*What you have to do*
Find the string "Thumbnail" in the records. Copy every line it appears in.

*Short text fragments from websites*
━━━━

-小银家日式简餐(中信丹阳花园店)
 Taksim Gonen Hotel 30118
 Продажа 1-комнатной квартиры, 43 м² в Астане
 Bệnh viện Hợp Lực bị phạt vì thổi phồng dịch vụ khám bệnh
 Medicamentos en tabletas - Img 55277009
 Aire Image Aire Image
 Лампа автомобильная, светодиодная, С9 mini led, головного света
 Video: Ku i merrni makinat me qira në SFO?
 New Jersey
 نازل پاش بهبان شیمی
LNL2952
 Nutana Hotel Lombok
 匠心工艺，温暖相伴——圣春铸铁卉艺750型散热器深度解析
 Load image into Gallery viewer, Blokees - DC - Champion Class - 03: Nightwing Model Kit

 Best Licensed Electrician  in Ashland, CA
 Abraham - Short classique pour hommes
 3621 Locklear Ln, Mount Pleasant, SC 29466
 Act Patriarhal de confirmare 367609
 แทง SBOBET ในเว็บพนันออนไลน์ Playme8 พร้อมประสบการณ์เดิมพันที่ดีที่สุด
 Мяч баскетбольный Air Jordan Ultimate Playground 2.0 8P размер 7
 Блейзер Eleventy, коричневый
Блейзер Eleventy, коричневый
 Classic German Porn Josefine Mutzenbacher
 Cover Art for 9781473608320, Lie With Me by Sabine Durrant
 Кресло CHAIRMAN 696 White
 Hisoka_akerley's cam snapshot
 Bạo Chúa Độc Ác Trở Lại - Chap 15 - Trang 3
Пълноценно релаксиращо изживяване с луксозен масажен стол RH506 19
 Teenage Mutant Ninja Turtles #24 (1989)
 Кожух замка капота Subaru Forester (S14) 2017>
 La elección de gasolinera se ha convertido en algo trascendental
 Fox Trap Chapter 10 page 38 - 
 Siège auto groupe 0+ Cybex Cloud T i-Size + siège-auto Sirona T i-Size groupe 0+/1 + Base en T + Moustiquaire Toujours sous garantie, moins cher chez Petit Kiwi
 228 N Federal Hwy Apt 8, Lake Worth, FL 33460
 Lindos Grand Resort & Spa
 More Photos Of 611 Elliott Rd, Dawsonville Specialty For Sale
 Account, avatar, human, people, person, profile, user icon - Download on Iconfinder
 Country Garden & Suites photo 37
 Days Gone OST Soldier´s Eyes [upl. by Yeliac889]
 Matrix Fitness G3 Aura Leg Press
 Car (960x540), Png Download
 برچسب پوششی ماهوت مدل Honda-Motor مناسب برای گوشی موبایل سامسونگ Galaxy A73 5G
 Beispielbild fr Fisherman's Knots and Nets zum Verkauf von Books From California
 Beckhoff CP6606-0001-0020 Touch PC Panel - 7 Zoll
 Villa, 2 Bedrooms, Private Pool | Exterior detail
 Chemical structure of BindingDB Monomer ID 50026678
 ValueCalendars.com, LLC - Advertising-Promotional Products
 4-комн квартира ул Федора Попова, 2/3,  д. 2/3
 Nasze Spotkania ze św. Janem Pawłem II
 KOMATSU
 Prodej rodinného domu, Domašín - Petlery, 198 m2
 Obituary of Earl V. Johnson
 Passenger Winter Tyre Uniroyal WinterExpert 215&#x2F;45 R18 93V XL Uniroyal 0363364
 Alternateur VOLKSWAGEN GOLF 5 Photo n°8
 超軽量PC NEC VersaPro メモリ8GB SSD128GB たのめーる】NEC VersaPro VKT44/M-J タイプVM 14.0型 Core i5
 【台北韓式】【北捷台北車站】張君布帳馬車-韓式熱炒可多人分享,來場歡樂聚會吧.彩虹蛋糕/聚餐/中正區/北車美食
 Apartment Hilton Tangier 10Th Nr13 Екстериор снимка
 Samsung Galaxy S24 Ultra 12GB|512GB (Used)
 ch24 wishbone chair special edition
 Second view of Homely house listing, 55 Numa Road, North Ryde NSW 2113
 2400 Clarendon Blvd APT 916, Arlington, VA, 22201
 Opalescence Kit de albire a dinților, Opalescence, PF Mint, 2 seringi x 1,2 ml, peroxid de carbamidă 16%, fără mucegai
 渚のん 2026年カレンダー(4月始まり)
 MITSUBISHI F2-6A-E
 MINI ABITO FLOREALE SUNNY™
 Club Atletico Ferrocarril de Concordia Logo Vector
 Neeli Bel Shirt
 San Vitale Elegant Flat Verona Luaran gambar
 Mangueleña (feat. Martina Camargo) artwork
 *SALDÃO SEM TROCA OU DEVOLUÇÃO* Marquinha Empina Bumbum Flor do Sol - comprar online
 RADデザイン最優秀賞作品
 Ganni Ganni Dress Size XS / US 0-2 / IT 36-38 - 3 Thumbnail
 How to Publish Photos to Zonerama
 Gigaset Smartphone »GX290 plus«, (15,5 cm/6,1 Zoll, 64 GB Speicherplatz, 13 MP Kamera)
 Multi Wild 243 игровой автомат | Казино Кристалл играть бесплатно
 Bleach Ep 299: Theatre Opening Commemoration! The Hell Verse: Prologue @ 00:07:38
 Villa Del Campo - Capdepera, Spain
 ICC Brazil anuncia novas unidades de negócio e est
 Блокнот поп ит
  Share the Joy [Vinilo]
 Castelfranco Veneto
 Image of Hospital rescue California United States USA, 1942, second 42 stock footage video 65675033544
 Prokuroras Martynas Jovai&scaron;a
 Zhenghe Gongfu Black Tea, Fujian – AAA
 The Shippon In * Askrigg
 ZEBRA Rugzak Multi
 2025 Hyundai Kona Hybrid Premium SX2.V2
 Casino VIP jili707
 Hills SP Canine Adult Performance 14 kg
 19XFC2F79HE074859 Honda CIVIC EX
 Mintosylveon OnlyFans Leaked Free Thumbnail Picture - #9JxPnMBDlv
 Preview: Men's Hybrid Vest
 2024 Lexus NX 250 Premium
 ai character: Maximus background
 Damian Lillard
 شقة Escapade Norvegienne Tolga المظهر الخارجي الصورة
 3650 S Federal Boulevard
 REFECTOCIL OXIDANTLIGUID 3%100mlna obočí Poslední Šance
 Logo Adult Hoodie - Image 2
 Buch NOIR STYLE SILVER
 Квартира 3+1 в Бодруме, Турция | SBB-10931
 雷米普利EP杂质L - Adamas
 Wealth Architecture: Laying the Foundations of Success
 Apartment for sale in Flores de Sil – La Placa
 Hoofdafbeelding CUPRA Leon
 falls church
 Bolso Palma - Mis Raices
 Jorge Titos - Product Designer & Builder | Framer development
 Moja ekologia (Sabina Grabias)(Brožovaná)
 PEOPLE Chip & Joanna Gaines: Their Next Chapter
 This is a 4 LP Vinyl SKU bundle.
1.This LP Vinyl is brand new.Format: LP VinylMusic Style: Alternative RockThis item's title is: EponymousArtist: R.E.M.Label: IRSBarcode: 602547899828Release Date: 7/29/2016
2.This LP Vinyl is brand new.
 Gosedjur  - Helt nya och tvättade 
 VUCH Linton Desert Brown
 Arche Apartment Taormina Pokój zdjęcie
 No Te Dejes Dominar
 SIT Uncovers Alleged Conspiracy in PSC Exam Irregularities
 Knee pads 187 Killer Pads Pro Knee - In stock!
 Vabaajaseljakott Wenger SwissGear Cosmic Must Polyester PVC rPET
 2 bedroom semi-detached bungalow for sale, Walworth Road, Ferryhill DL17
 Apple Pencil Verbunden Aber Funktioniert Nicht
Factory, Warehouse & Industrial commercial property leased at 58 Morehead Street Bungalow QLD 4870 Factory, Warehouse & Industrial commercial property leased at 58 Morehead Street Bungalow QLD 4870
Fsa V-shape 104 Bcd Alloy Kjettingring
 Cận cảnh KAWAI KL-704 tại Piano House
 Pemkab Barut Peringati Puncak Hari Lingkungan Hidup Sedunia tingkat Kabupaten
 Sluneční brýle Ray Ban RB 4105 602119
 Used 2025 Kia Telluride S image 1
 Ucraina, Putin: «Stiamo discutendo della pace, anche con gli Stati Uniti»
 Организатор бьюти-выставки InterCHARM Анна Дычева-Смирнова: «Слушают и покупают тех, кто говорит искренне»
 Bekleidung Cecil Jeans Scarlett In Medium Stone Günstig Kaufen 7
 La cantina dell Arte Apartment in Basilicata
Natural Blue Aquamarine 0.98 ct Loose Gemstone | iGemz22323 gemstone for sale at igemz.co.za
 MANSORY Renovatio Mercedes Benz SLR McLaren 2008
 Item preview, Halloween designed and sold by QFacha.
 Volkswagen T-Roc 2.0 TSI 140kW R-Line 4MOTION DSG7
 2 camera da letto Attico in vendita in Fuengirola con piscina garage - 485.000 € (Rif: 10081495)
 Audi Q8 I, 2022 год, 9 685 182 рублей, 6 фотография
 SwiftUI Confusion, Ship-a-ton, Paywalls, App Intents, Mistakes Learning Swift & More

━━━━

*Result of this exercise*
 Ganni Ganni Dress Size XS / US 0-2 / IT 36-38 - 3 Thumbnail
 Mintosylveon OnlyFans Leaked Free Thumbnail Picture - #9JxPnMBDlv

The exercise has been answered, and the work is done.